Tuesday, two of those companies announced they've started a fund with the Texas Epilepsy Foundation to help qualifying patients afford medical CBD oil.
Currently, federal restrictions on medical cannabis prevent insurance companies from covering CBD oil for patients with intractable epilepsy. That means anyone who qualifies for treatment with CBD has to pay out of pocket.
Compassionate Cultivation hopes their contribution to the fund will help more people with uncontrolled epilepsy afford CBD. Janet Herrera says her 18-year-old daughter Jordan was diagnosed with Gervais Syndrome, a rare severe form of uncontrolled epilepsy, when she was just six months old.
“She's 18 now, cognitively she's still at a 1st to 2nd grade level. She still suffers from seizures every day. The grand mals are about one to every three weeks,” Herrera said.

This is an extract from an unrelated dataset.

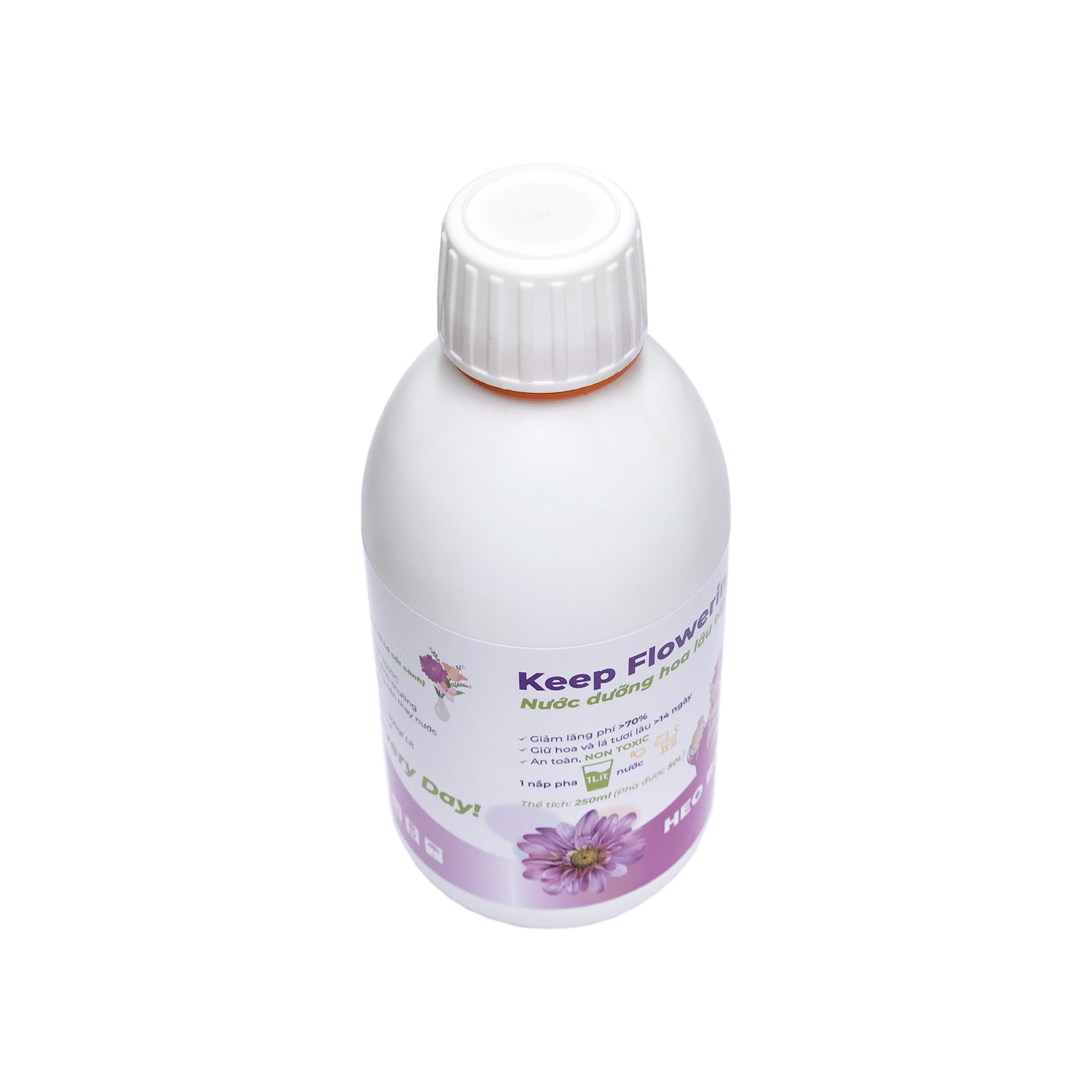 Nước Dưỡng Hoa Tươi Lâu Tàn Keep Flowering - Dưỡng Hoa Tươi Lâu Hơn Trên 14 Ngày, Không Thối Nước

For years Jordan has used anti-convulsant medications that carried dangerous side effects, but just a few months ago, Jordan tried something she'd never used before, cannabis based oil or CBD.
“It's still trial and error, but the CBD oil, I can tell you, hands down, has done really good things for her,” said Herrera.

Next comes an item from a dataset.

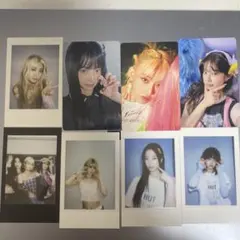 Le Sserafim crazy hotトレカ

The only problem is the oil is not covered by insurance.
“This cost and expense for me has been exponential,” Herrera said.
Compassionate Cultivation CEO Morris Denton said patients at his dispensary are paying on average between $275- 300 per month.
To help with those costs, medical cannabis companies in Texas, Compassionate Cultivation and Knox Medical, are both donating $5,000 to the Epilepsy Foundation of Central and South Texas to create the Compassionate Use Patient Assistance Program.
“I know there are a lot of people out there who wouldn't be able to afford this medicine who really, really need it and could really, really benefit from it,” said Denton.
In order to obtain CBD oil, patients with uncontrolled epilepsy must have prescriptions from two registered doctors. They also must meet certain requirements, like not responding to other anti-seizure medications.
“We have somewhere between 150-200 patients that have come to us since we opened our doors on February 8. Fortunately, the majority of those are seeing some really positive results, with, I'd say, between 70-80 percent of our patients are finding success,” Denton said.
Compassionate Cultivation received their provisional license one year ago. The first patients purchased CBD oil at their dispensary in February. Jordan was one of them.
“This right here is life saving and potentially more effective than any anti-convulsant medication on the market,” said Herrera.
Denton hopes with the Compassionate Use Patient Assistance Program several more people in Texas will be able to afford the help they need.
Compassionate Cultivation has also committed to donating profits from merchandise sales to the program.
Patients are able to apply for or donate to the program on the Texas Epilepsy Foundation's website.